I received my first journal as a birthday present when I was 9. I've been writing on-off ever since. I think the longest period I stopped for was around a year, but something keeps drawing me back. I love reading over old entries and I think it definitely helps in keeping memories fresh. I find it much easier to write about things that are troubling me in there rather than talking to friends about it and I normally find that I resolve things fairly soon after I've written them out. I currently live with my family and have had no issues with them reading it, but I think I would be a little concerned if I was living with a friend or partner, because I tend to record EVERYTHING in there!

*~*~*~*

Is there anyone else out there who keeps a handwritten journal? How long have you been writing for? How personal is your writing there? Do you worry about anyone else reading it or have you ever had someone read it? If you keep both a handwritten one and online/public one, do you feel there is much difference in what you record in each? For those who did, but stopped, why did you stop?

Kat :)
 
<3

Originally posted by katmeow
Is there anyone else out there who keeps a handwritten journal? How long have you been writing for? How personal is your writing there? Do you worry about anyone else reading it or have you ever had someone read it? If you keep both a handwritten one and online/public one, do you feel there is much difference in what you record in each? For those who did, but stopped, why did you stop?

^I've always kept a hand written journal, since I was able to write. :).
I have them packed away in various places at my parents place, and at my current house...they're a part of me I treasure.

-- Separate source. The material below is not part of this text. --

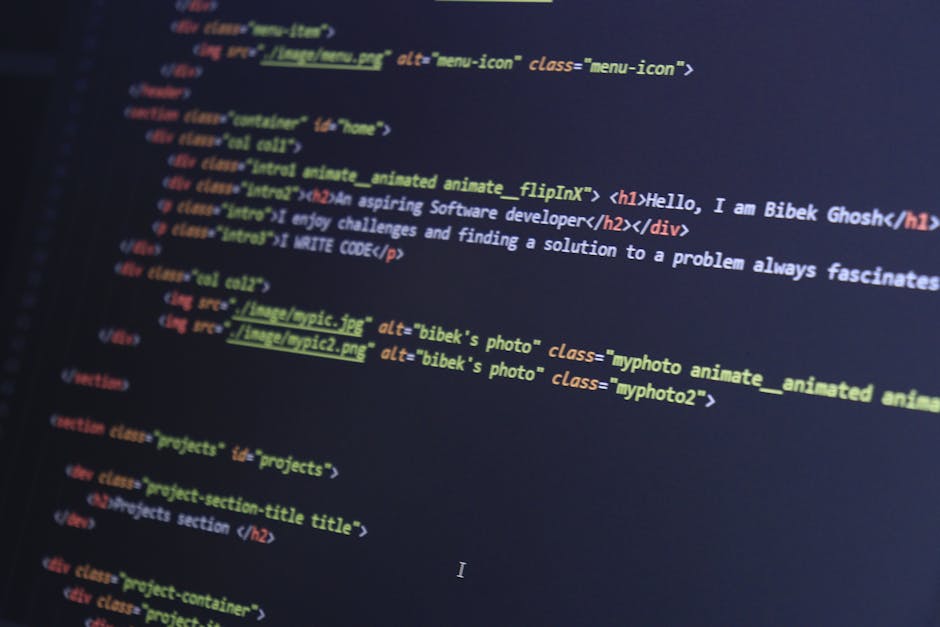 A close-up view of a person using a laptop on a wooden desk, displaying lines of code in a text editor with colorful syntax highlighting. The individual's right hand, wearing a black watch on the wris
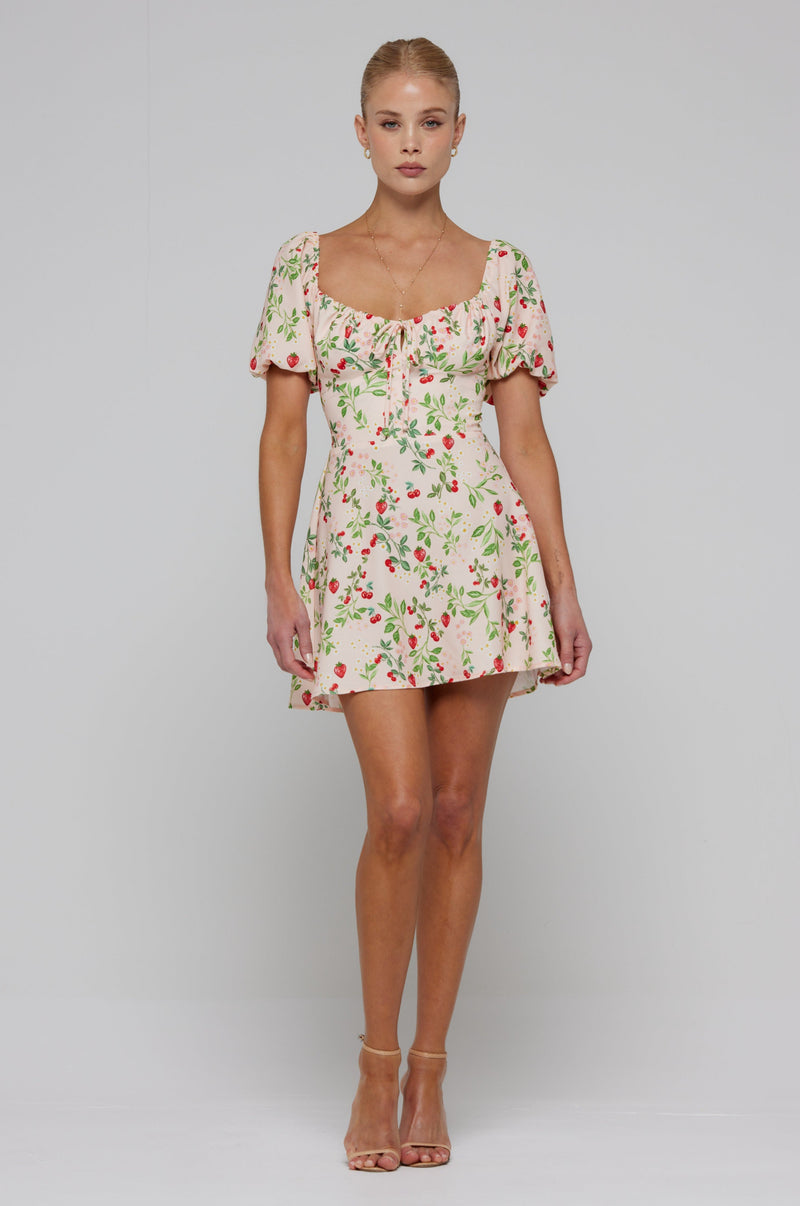 This is an image of Winnie Mini in Cherie - RESA featuring a model wearing the dress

They're soaked in my darkest tears, and covered in pink ink and stickers. They have photos and cut out magazine pictures folded into the pages, and various, 'I
hearthrob.gif
___
' plastered within.

I will always keep a written journal. There's just something about scrawling away in a little corner, letting your thoughts scratch their way onto the lined paper that will always be a comfort for me.
 
Re: <3

CHiLD-0F-THE-BEAT said:

and various, 'I
hearthrob.gif
___
' plastered within.


I laugh when I look at the pages where I would have I love... then 3 or 4 names listed after it. And the pages of writing your own name in different combinations with boys last names.
 
I have kept handwritten journals since I was 8 years old.

That's... 22 years 8o

One day, I imagine they'll be published when I'm famous ;)

It's funny though, in the last few years since I've been typing more and more, I find it extremely cumbersome to write my thoughts with a pen and paper. They flow FAR too quickly for me to capture them... I think I've just gotten used to the immediacy of online script.

But the feeling I get writing in my handwritten journals is far different, and far superior to any online entry I could write. It's somehow more secret, more private, more special... I have spilled thoughts and fears onto those pages I'd never write online. I feel typed words almost don't do justice to the intracies of the emotions involved... it's all so, standard... the words I mean. The characters on a screen are so 'same' and flat.

And there's nowhere near as much joy as I get out of lounging back with my old journals, with pictures, photos and concert tickets stuck in them...love letters tucked away in the back...and reminiscing on the person I used to be.

Despite this I find myself writing in my handwritten journal less and less these days. It's sad but part of the reason is because I don't feel it's safe. Some of the things I want to write in there are things, at times, I would not want my boyfriend to read. And because I don't want to go so far as to actually *hide* the journal from him, I just don't write as freely in it. Not that I think he would ever actually go poking through it but it's - y'know... a possibility. And that scares me.

Also I can not write in my journal unless I am completely alone. And that rarely happens when you live with someone else :\
 
I started my first handwritten journal when i was around 7 if memory serves me correctly, kept going for a few years, then stopped.
Started again wen i was 15, and going through an extremely bad patch in my life. My journals from that year contained very dark matter.
Unfortunately my mum found it and wasn't extremely happy with the contents so she disposed of it.
I never wrote another one after that.
Also, i've found online journals suit me much better, for some reason i'm able to think more clearly when typing.
 
I've made a couple of attempts. I went through two journals between when i was 11 to when i was 14. Then no more. Then i was given a beautiful leather bound journal with my name engraved on it for my 21st. I wrote in it once and then it sat neglected until (let me check..) the 8th of April this year. I've written in it nearly every day since then.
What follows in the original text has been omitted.